INPUT DATA
################
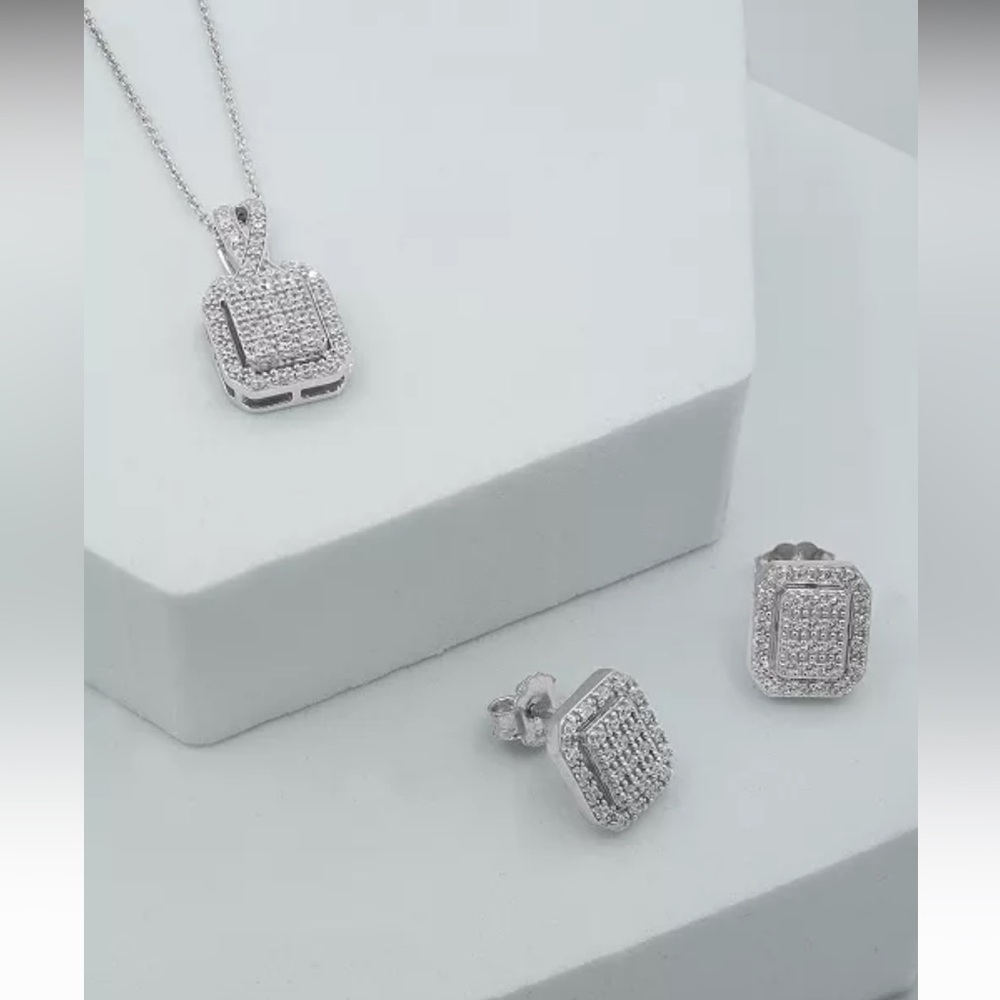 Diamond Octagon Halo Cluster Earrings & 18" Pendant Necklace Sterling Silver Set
################
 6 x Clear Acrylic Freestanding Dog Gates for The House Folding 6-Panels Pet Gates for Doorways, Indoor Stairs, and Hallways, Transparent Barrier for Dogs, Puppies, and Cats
################
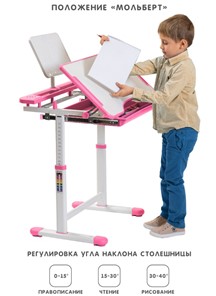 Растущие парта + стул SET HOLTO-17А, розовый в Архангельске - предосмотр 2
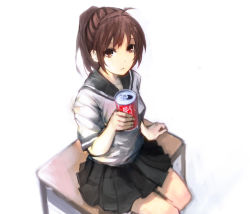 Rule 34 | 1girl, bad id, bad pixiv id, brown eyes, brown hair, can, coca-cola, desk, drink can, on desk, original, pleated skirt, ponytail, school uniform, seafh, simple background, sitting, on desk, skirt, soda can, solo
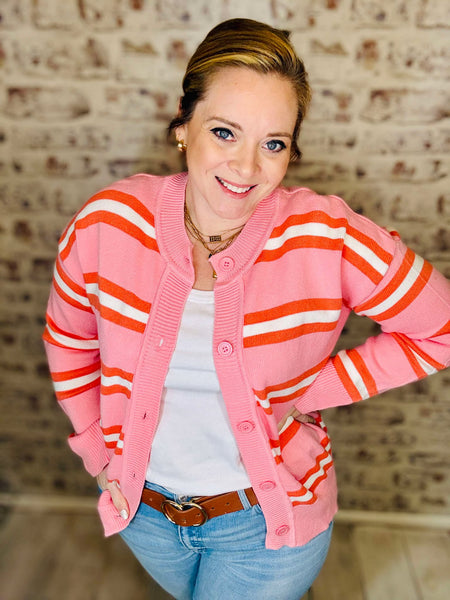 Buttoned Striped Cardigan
################
TASK BRIEF
An exact copy is needed. It runs from the line above containing "Растущие парта +" down to the line containing "Buttoned Striped Cardigan", both included, with no pictures.

TASK RESPONSE
 Растущие парта + стул SET HOLTO-17А, розовый в Архангельске - предосмотр 2
 Rule 34 | 1girl, bad id, bad pixiv id, brown eyes, brown hair, can, coca-cola, desk, drink can, on desk, original, pleated skirt, ponytail, school uniform, seafh, simple background, sitting, on desk, skirt, soda can, solo
 Buttoned Striped Cardigan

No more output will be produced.